Don’t just think of it as a list, really think about each thing and how it makes you feel; re-imagine it, the colors, smells and sounds. Recreate it in your mind and enjoy the ‘feel-good’ you get from it.
If you are feeling really anxious and not coping with COVID, try the 5, 4, 3, 2, 1 Grounding Technique: Look around for:-
- 5 things you can see
- 4 things you can touch
- 3 things you can hear
- 2 things you can smell
- 1 thing you can taste/ like to taste.
Grounding helps calm anxiety; by identifying objects around you. You are helping your brain recognize where you are, which creates a sense of comfort and control.
You can also trying Deep Breathing. Sit comfortably and inhale slowly and deeply through your nose keeping your shoulders relaxed. Exhale slowly through your mouth. As you blow air out, purse your lips slightly (duck lips) and keep your jaw relaxed. Do this 20 times
Try to focus on the present. This can help with difficult emotions and improve your emotional well-being instead of worrying about things out of your control. Or things that may never happen!
8. Do things you enjoy
When you’re feeling worried, anxious or down it may stop you from doing things you usually enjoy.
But focusing on your favorite hobby or activity, or relaxing or connecting with friends and family can help with anxious feelings and thoughts.
If you can’t do all the things you normally enjoy doing, because of quarantine restrictions, try to think of other ways you can do them. Do something similar or try something completely different.
Check out our Article Things to do when you’re in lock-down, which lists lots of free resources and ideas
9. Keep your normal sleep routine!
Sleeping, or rather how well you sleep, can make a world of difference to your mood, energy and attitude. Sleeping badly can affect your mood and even affect your eating habits!

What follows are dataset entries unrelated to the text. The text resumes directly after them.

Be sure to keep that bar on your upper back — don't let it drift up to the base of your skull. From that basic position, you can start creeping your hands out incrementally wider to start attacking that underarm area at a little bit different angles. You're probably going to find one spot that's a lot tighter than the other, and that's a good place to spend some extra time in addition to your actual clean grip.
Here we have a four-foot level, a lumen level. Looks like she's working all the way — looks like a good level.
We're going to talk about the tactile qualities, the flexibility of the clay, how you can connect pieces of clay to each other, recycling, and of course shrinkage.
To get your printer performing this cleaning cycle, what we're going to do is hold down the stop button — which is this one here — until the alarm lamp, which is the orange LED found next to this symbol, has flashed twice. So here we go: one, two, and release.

If you’re stuck at home, or if you’re currently working from home, rather than at your normal workplace, it is really important that you stick to your normal sleep time and routines.

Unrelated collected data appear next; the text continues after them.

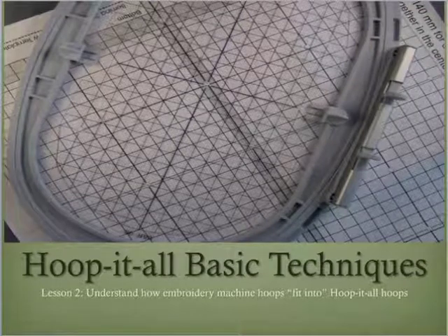Welcome to Hoop-It-All Basic Techniques, a series of four lessons that lay a foundation for understanding the relationship between our embroidery machine hoops and Hoop-It-All hoops. In this lesson, you will see a variety of ways that our embroidery machine stitching fields fit within the stitching field of Hoop-It-All hoops. Understanding stitching field measurements, as illustrated in lesson one, and how embroidery machine hoop stitching fields fit into the stitching area of Hoop-It-All hoops, helps us to plan and execute our oversized embroidery projects.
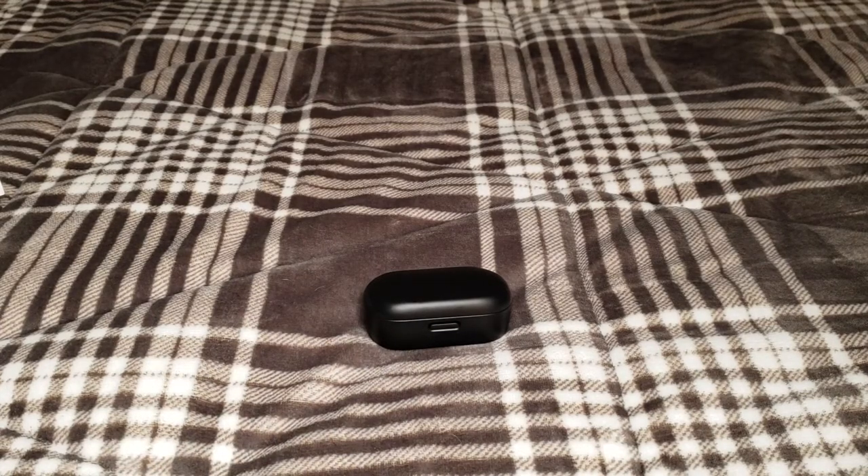The earbuds are rated at an IPX4 water resistance rating — essentially just general protection from water and splashes. I'm going to be putting a couple of different links in the description: one to a website that lists all the IPX ratings and what they mean, one for the Amazon product listing which will also have a lot of the information I'm pulling from, and one final link to the actual Bose website for this product.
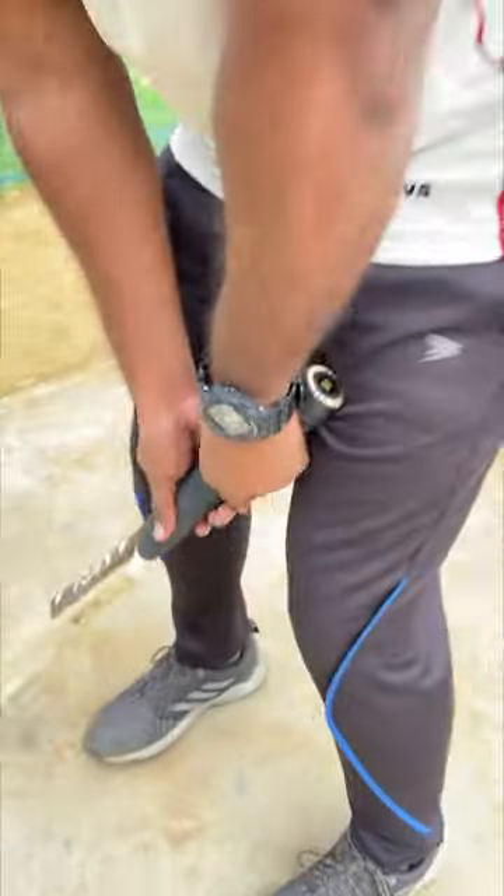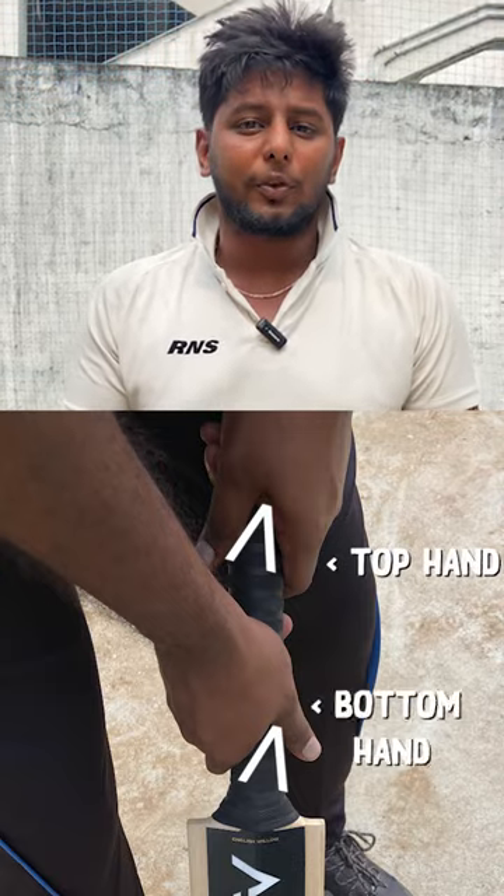Cricket bat is 360 degrees. That's a V formation — top hand is a V, bottom hand is a V.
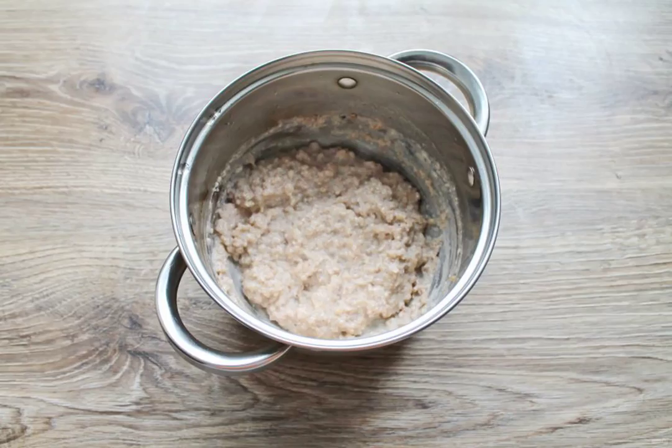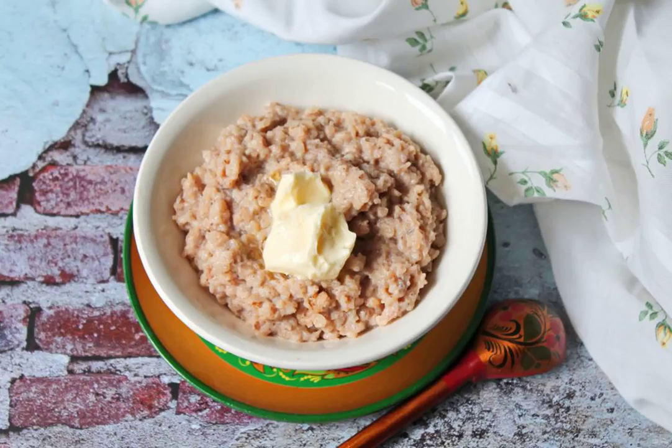Remove the porridge from buckwheat flakes with milk from the heat and serve immediately with butter. Bon appétit!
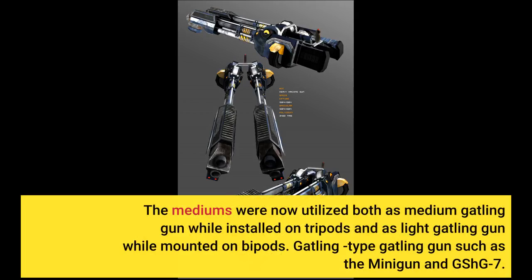The medium machine guns were now utilized both as medium machine guns when installed on tripods, and as light machine guns when mounted on bipods.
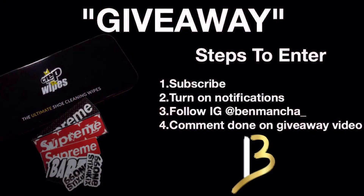Before we get into that, we have a giveaway going on. You got to subscribe to the channel, turn on post notifications, follow me on Instagram at Ben Mancha underscore, and comment 'done' on the giveaway video. That's all you guys got to do.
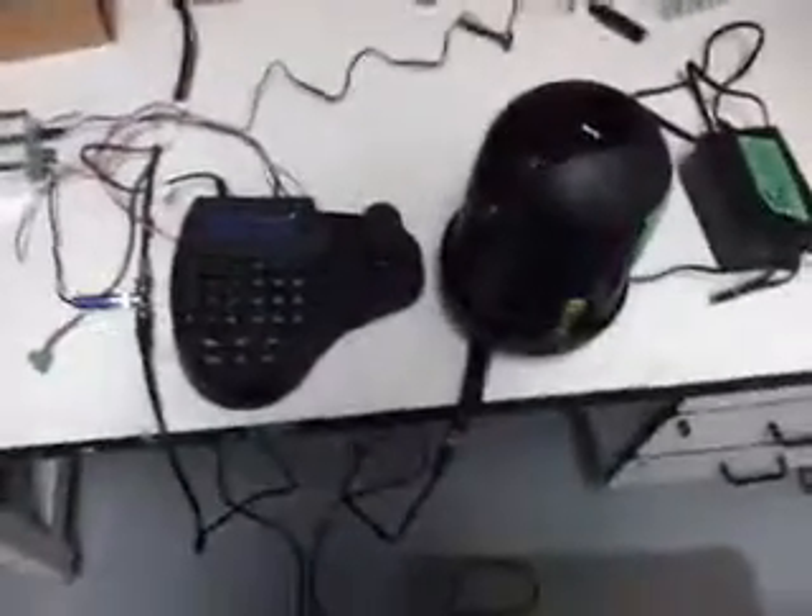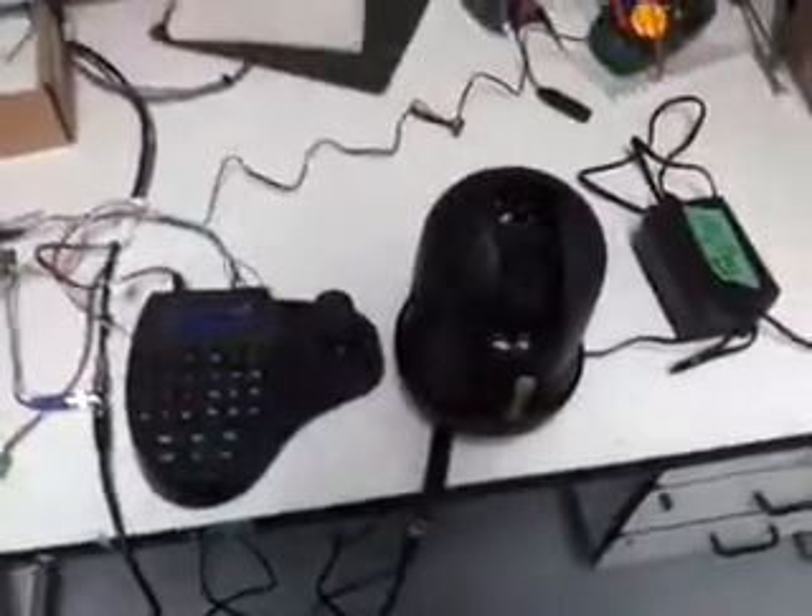This is our PTZ QOXYTRON camera. As you can see, the camera is moving. You can see it here in the monitor.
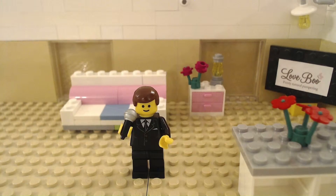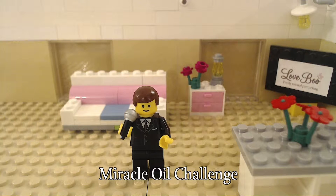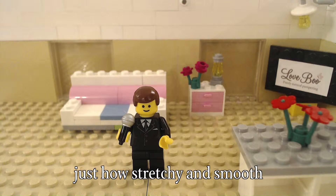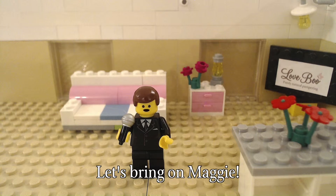Thank you, thank you. Welcome to the Lovebeam Miracle Oil Challenge. Today we're going to find out just how stretchy and smooth it can make your skin. Let's bring on Maggie.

Coffee, alcohol, nicotine and big meals close to ‘bedtime’ can affect your ability to sleep. So if you have got in to the habit of eating later at night, go back to eating at your ‘normal’ time.
Do your best to go to bed at your normal time and wake up (and get up) at your normal time. If possible, avoid napping during the day, especially if you wouldn’t normally nap.
10. Managing sleeplessness
Worries and concerns can impact how quickly you fall asleep, as well as staying asleep.
If this is you right now try things like reading a book, the Deep Breathing exercise (mentioned earlier), doing slow and gentle stretches, or meditation before going to bed. Put your phone on silent, and screen-face down to avoid temptation.
When you’re struggling to fall asleep, do not try to force it. You will just become frustrated and be even less likely to sleep. If you feel you’re really tired but you enjoy the feeling of just lying down quietly, do that. Sleep may naturally take over.
But if it doesn’t, then get up and do something relaxing for a bit. Such as reading a book or listening to quiet music, and then go back to bed when you feel sleepier.
If you can’t sleep because your mind is racing, get up and write things down as a To Do List for the next day.
Or if you wake up a lot and then find you clock watch don’t think to yourself “Oh No, I have to get up in 3 hours and I can’t sleep; I’m going to feel terrible tomorrow”. Do some reverse psychology on yourself and think “Oh Good! I have 3 more lovely hours of sleep to enjoy”. Recreate in your head the feelings you have when you wake up after a lovely, deep and blissful sleep to help you back in to the right mind-frame.
Yellow Brick Cinema – Relaxing Music, has a huge collection of music and sounds to help with meditation and relaxation before sleeping. Subscribe to their YouTube Channel or download their Yellow Brick Cinema iOS App, which is free for 7 days https://apple.co/3eMp0FE
Remember all this too will pass! A day will come when we won’t have to worry about coping with COVID anymore.